First, it gives the technician a visual education in what is fundamentally a visual task. “Before a new tech goes out to do an operation, they see a virtual demonstration in 30-60 seconds, to see how the job is done,” says Henry. “They know what to do before they have to actually do it.”

Second, the T56 A/IETM lets the technician rehearse the required procedure on a laptop or PDA without loosening a single screw. Not only does this increase familiarity with the task at hand, but it also gives the technician the chance to make mistakes without consequences.

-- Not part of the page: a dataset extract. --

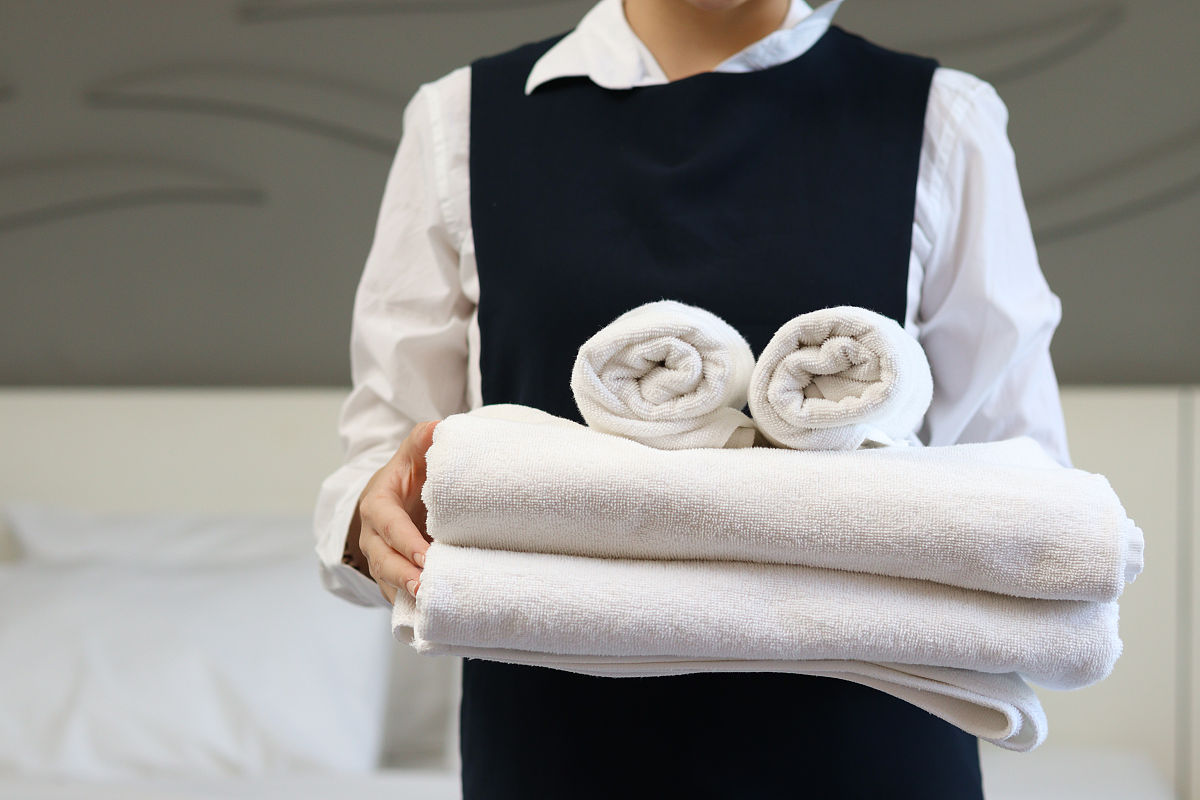 客房服务女佣清洁和整理床酒店房间概念,女客房服务员拿着一叠新鲜的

Third, the T56 A/IETM saves time rummaging around the parts and tools rooms. “Currently, someone about to work on a T56 engine would have to go through the parts manual to find the parts needed and to get a sense of tools required,” Henry says. “With the NGRAIN T56 A/IETM, the software details what parts and tools are required to do the job right on the screen, so you know what to take with you before you go to the aircraft.”

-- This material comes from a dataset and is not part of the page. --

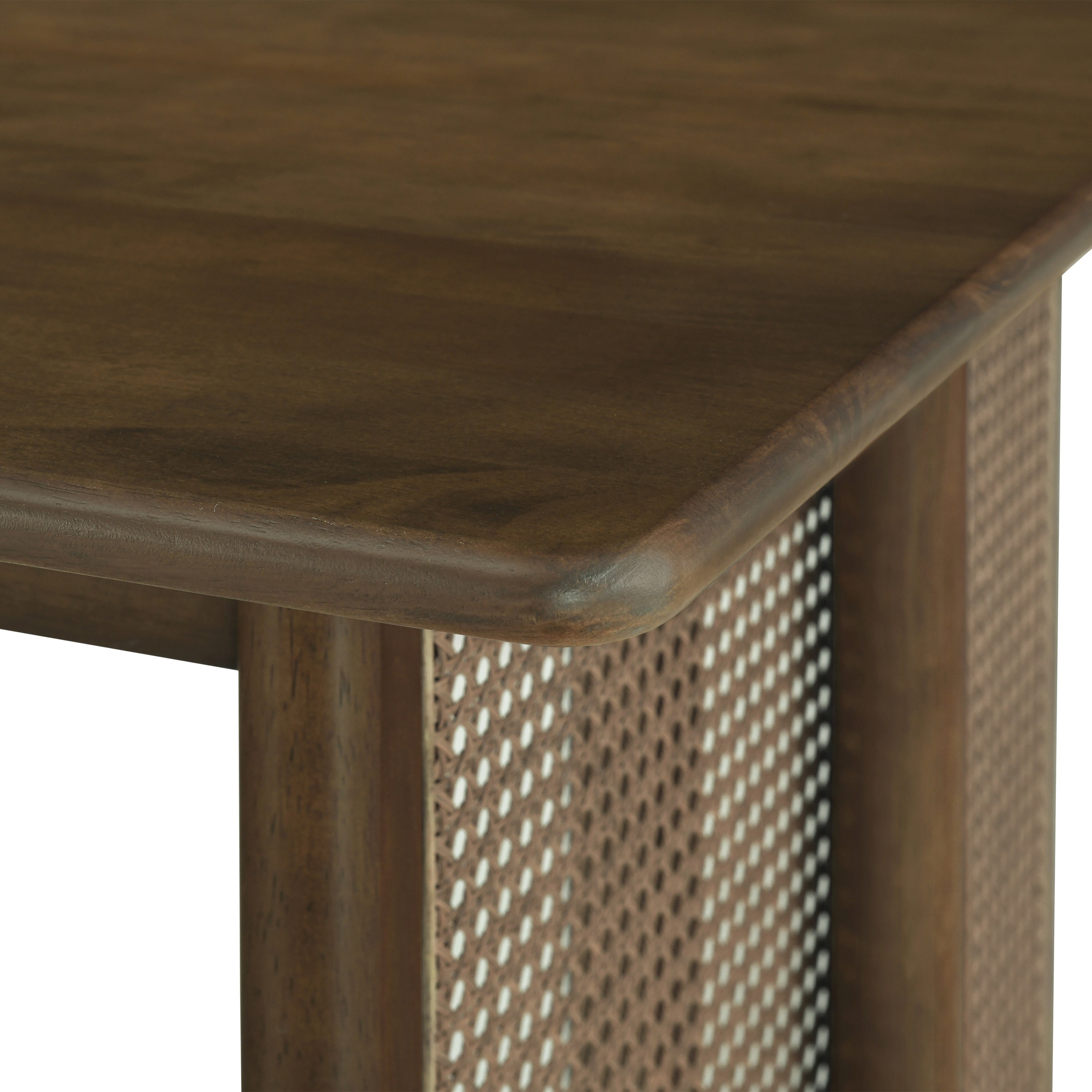 Close-up of a tabletop corner meeting the woven cane panel leg on the walnut dining table, white background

Finally, the T56 A/IETM accompanies the technician onto the flight line, ensuring that they have access to relevant information while they work on the actual engine. Should they need to review the procedure and look up further details that they’ve discovered while doing the job, the data is right at hand.

Military projects
Finding training personnel is a serious challenge for civilian MROs. The problem is even worse in military organizations such as the CF. Since highly trained technicians are able to get better pay in the corporate world, military organizations constantly find themselves hunting for new talent to take their place. This leads to more trouble. “It can take up to two years to train a new technician before they are ready to go out on the flight line to do apprentice work,” says Henry.

This is why the Canadian Forces, led by Colonel Cooke, asked NGRAIN and StandardAero to develop the T56 A/IETM. The Canadian military’s goal is to speed up the training of new technicians without sacrificing quality on the flight line.

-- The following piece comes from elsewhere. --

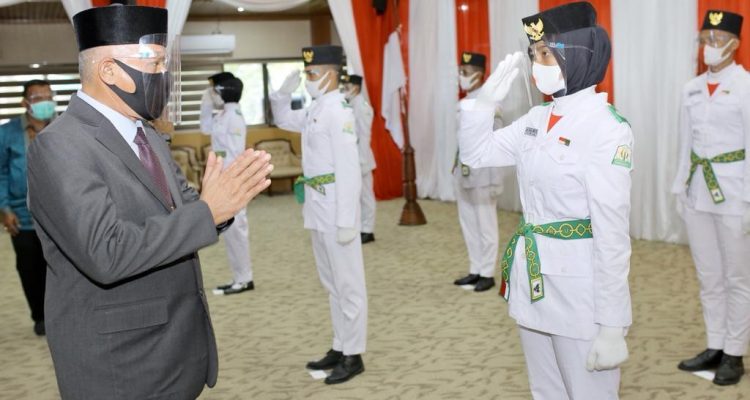 Sekda Aceh, Taqwallah, mengukuhkan pasukan penggerek bendera pada HUT RI ke-75 di Gedung Serbaguna Setda Aceh, Kamis, (13/8/2020). Sebelumnya Sekda Aceh Taqwallah juga mengikuti acara pengukuhan Paskibra Nasional secara daring yang dikukuhkan langsung oleh Presiden Joko Widodo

“The Canadian Forces performed a trial comparing how long it took novice technicians to learn via traditional manuals, versus 3-D models,” says Henry. “The group that was trained using the models learned to do the repair significantly faster than the manual-trained techs, and showed much higher knowledge.”

Typically, an A/IETM can help MRO trainees learn what they need to do up to 30 percent more quickly than book learning, Batstone notes. They can then take that training data with them when they go to do the work.

This is just the first stage of the Canadian Forces’ evaluation of the T56 A/IETM. At press time, it was rolling out a field comparison of the two methods at the CF air base in Trenton, Ontario.

NGRAIN has already developed other A/IETMs for the CF, such as a C130 propeller virtual trainer for the Canadian Forces School of Aerospace Technology and Engineering (CFSATE). The results are promising. Based on CFSATE’s own research, students using the A/IETM-based trainer qualified up to 60 percent faster than those using traditional book-based methods. Other CF-driven virtual task trainers include A/IETMs focused on 3-D landmine simulations, a Griffon helicopter virtual task trainer, and a MK-46 computer-based torpedo virtual task trainer.

NGRAIN has also developed a 3-D Stryker Battle Damage Assessment and Repair A/IETM for the U.S. Army, and a Weapons Virtual Task Trainer for the U.S. National Guard.

Clearly, an A/IETM virtual task trainer is an effective, efficient tool for bringing technicians up to speed fast. When will this technology be offered to the civilian MRO market?

“The technology to do this is readily available today,” says Henry. “Someone just has to do the programming.”